In short, the possible saving in first cost for each family adopting the “flat” system of building lies between $14,265 and $28,758, making an aggregate saving for the 80 families occupying the apartment of between one and two millions of dollars.
The annual running expenses are also greatly in favor of the “flat” system when the advantages of coöperation are used to its greatest extent.
Eighty independent Irish cooks give way to a professional chef and half-a-dozen attachés. The wages and maintenance of the 80 cooks would amount to an annual sum of not less than $40,000; those of the chef and his assistants to hardly $10,000, making in this one item a possible annual saving of $30,000.
The management of the 80 independent Irish cooks, if possible at all, could only be accomplished by the constant struggle of 80 worried and largely inexperienced owners or their wives. The management of the chef and his attachés could more easily be managed by a single person, either selected from among the 80 families and suitably recompensed, or employed as a professional manager at a regular salary. Or the entire control of the café, and kitchen could be let out by contract to some suitable caterer, if preferred.
Corresponding savings are evidently possible in every other department of housekeeping, including steam-heating, ventilating, laundry-work, lighting and elevator-work.
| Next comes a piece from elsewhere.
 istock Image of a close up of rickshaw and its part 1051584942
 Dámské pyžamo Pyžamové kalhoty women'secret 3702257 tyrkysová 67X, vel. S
In all of these particulars, coöperation, judiciously conducted, has been shown to yield surprising economies.
But there are other advantages even more important than its economy in favor of the “flat.” Freedom from housekeeping cares has already been touched upon. In the “tower,” life is spent in training and treating with servants, mechanics and market-men. The private cook is a volcano in a house, slumbering at times, but always ready to burst forth into destructive eruption. True repose is out of the question, and we are told that “the motive for foreign travel of perhaps one-half of Americans is rest from household cares and the enjoyment of good attendance, freed from any responsibility in its organization and management.”
Security against burglary and fire is another. In a good apartment-house, trained watchmen stand on guard night and day to protect the occupants, and stand-pipes, hose and fire-buckets are provided in all the halls, and kept in repair for emergency.
The family may leave their apartments for travel summer or winter, knowing that their property is as secure as modern appliances, system and ingenuity can make it. Not so with our isolated dwelling. The cost of providing all these means of protection is too great to make them practicable. The result is that the fear of burglary and fire at all times causes uneasiness, particularly on the part of the wife during the absence of her husband.
Beauty in the architectural arrangement of the rooms is a third advantage of the “flat.” In this it has all the advantage of the double house or residence of the immensely rich. The rooms may be grouped in a manner which renders possible the highest architectural effect, whereas in the “tower” the perpendicular arrangement evidently precludes such opportunity by limiting the design to a wearisome and monotonous repetition from basement to attic.
No argument can be sustained against the “flat” on the ground of transmission of sound or want of privacy and isolation, for sound may be as fully deadened as in the “tower” by means of the 12-inch brick separating walls shown in our plan, and the most improved deafening treatment of the floor-joists.